--- START ---
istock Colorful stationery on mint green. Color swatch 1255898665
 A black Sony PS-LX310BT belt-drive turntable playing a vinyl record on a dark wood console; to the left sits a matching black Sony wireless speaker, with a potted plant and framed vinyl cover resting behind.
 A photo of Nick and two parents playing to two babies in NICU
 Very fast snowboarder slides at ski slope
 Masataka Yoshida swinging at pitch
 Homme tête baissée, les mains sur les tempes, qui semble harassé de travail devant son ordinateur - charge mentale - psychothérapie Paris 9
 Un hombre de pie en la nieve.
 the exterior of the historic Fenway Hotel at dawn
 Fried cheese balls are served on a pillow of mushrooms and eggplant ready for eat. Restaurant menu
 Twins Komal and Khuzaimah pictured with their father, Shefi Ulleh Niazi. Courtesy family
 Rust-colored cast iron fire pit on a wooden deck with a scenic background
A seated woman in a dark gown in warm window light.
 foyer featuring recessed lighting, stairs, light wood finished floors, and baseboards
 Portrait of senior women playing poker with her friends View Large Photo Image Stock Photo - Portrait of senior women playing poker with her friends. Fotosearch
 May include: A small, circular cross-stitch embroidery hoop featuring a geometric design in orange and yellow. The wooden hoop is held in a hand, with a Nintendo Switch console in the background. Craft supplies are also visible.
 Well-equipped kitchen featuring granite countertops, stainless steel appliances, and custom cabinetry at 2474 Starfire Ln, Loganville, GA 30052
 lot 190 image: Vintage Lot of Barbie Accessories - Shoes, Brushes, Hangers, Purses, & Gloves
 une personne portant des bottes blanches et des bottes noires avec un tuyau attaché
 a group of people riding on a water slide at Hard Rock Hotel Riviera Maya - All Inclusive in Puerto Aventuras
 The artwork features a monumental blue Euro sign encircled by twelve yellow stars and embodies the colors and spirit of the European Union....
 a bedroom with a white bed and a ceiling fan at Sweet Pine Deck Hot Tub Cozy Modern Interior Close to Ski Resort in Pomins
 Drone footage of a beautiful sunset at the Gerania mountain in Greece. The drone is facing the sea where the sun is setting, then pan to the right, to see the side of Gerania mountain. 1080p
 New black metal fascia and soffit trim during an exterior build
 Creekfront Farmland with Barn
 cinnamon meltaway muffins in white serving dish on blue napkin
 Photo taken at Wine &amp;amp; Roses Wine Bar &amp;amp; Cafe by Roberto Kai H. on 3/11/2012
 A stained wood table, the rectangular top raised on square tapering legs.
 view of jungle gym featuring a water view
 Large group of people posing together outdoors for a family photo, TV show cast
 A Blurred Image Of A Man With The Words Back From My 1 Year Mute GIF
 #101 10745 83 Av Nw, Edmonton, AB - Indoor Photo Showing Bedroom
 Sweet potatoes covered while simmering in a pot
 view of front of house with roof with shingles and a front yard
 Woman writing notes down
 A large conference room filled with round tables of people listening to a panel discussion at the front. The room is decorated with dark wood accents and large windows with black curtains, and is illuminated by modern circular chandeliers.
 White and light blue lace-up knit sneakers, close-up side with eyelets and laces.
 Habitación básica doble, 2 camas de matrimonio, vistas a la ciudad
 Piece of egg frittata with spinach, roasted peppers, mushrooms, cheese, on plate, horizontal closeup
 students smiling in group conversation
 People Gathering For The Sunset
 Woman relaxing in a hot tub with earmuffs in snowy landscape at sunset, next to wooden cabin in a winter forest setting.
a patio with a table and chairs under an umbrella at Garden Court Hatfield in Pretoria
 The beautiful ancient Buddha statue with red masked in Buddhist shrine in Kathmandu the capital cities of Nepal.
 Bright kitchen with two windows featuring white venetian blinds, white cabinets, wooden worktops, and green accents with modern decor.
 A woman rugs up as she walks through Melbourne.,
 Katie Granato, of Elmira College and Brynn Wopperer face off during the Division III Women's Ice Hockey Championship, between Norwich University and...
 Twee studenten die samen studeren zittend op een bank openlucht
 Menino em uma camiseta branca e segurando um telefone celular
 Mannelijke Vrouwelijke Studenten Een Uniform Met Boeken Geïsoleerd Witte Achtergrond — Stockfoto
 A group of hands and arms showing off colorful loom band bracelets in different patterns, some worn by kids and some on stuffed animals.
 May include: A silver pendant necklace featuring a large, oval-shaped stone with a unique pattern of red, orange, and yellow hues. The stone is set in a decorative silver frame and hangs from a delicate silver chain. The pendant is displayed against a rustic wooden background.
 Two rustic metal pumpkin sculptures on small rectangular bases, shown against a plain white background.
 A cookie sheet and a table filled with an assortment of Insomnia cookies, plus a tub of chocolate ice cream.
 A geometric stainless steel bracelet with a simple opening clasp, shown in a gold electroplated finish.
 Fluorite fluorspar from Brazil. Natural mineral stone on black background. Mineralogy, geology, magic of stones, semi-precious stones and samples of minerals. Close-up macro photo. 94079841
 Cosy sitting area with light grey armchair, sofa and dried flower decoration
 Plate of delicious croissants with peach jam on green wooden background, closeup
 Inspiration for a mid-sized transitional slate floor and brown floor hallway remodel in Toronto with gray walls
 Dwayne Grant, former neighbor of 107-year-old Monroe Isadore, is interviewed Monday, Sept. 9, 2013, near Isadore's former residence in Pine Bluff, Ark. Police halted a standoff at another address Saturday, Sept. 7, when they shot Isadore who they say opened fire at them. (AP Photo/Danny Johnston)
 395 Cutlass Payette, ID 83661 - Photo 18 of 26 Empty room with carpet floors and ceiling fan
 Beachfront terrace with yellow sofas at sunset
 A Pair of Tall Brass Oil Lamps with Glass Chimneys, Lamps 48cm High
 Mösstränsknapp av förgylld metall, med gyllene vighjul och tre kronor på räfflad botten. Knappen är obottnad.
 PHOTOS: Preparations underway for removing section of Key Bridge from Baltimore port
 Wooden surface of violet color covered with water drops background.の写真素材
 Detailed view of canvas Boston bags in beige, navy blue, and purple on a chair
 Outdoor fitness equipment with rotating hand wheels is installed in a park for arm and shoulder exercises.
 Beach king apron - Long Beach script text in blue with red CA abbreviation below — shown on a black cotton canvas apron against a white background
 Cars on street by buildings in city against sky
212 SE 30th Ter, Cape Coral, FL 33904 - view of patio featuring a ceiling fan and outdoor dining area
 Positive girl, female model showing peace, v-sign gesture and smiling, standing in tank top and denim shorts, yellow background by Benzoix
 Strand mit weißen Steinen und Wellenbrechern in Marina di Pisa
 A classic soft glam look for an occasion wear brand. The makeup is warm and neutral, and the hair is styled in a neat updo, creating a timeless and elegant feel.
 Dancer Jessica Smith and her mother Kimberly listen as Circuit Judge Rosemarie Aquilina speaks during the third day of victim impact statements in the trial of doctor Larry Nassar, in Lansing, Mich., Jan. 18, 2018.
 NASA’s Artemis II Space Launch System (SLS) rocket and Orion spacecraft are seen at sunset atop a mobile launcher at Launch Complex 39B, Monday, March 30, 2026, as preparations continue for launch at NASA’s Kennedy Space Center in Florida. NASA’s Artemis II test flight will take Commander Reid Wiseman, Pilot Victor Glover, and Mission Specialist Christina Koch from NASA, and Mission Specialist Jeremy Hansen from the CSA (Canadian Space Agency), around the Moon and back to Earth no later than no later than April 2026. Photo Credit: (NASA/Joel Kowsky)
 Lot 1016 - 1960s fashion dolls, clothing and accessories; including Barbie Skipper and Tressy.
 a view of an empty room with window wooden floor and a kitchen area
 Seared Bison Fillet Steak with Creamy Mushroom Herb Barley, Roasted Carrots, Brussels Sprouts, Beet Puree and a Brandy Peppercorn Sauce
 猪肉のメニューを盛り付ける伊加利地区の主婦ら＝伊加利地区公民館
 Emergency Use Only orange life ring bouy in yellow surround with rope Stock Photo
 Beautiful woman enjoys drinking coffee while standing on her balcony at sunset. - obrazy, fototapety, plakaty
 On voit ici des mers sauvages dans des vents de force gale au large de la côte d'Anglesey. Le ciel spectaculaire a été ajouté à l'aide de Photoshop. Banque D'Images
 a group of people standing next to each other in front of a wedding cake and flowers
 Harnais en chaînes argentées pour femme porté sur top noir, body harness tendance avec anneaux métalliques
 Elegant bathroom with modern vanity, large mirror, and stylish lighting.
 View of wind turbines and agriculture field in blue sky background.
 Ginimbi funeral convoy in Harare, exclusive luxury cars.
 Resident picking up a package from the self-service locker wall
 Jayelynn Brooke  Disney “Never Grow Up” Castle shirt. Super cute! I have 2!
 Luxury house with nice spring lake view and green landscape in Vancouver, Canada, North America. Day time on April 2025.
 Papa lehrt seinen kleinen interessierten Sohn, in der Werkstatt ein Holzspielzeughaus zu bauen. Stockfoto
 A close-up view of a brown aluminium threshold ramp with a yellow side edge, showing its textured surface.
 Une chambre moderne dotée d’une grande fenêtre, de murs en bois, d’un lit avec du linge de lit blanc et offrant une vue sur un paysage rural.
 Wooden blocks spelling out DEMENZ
--- END ---
▶ _About this task_
Up to and including the line with "the exterior of", print every line of the records from the start.

▶ _Solution to this problem_
istock Colorful stationery on mint green. Color swatch 1255898665
 A black Sony PS-LX310BT belt-drive turntable playing a vinyl record on a dark wood console; to the left sits a matching black Sony wireless speaker, with a potted plant and framed vinyl cover resting behind.
 A photo of Nick and two parents playing to two babies in NICU
 Very fast snowboarder slides at ski slope
 Masataka Yoshida swinging at pitch
 Homme tête baissée, les mains sur les tempes, qui semble harassé de travail devant son ordinateur - charge mentale - psychothérapie Paris 9
 Un hombre de pie en la nieve.
 the exterior of the historic Fenway Hotel at dawn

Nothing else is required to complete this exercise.